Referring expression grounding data
----------
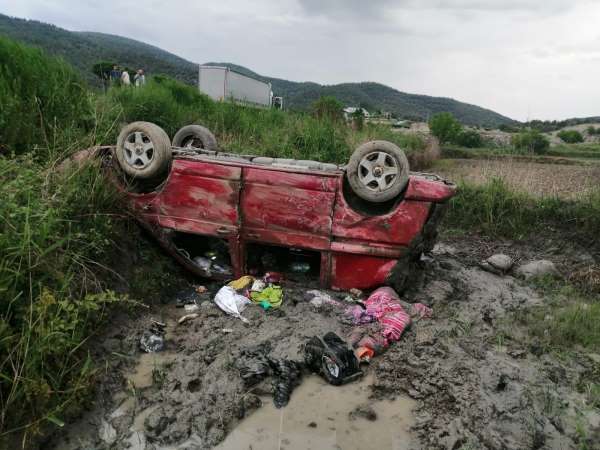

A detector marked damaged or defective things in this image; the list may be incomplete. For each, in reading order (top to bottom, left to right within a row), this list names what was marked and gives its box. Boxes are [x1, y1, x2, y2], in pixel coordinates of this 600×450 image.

overturned red car [101, 123, 454, 292]
dented car panel [109, 151, 454, 290]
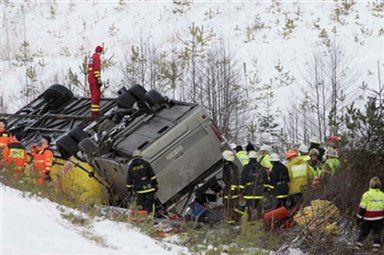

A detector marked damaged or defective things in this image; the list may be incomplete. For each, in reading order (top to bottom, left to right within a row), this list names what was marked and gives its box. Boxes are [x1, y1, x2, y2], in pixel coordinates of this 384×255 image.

overturned bus [2, 84, 243, 215]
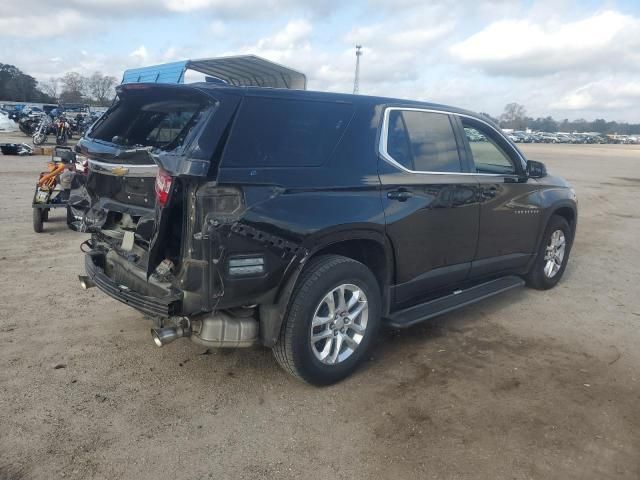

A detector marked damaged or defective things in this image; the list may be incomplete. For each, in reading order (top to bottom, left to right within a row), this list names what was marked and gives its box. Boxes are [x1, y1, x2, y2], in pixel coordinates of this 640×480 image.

broken tail light [154, 169, 172, 206]
detached bumper fascia [84, 253, 181, 316]
crumpled rear bumper [84, 251, 181, 318]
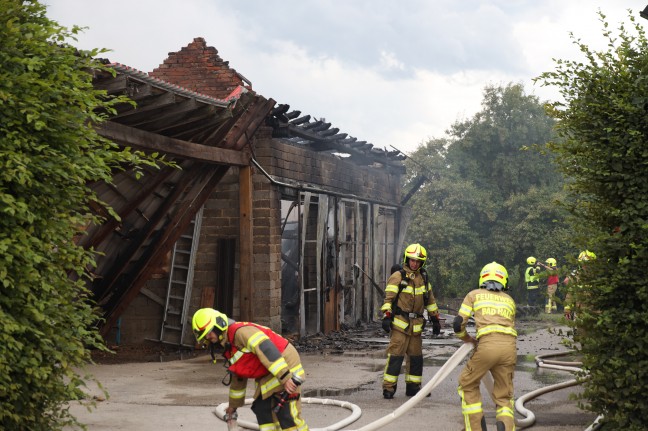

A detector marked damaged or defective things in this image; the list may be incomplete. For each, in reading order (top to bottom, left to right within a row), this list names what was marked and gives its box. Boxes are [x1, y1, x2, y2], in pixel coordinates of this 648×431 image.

damaged structure [86, 37, 410, 348]
burned building [88, 38, 408, 348]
----------
### Work instruction
Start at the line containing "this 648×431 image." and transcribe through the end of the entries. Please keep both ends and add nothing.

### Answer section
A detector marked damaged or defective things in this image; the list may be incomplete. For each, in reading order (top to bottom, left to right within a row), this list names what was marked and gives its box. Boxes are [x1, y1, x2, y2], in pixel coordinates of this 648×431 image.

damaged structure [86, 37, 410, 348]
burned building [88, 38, 408, 348]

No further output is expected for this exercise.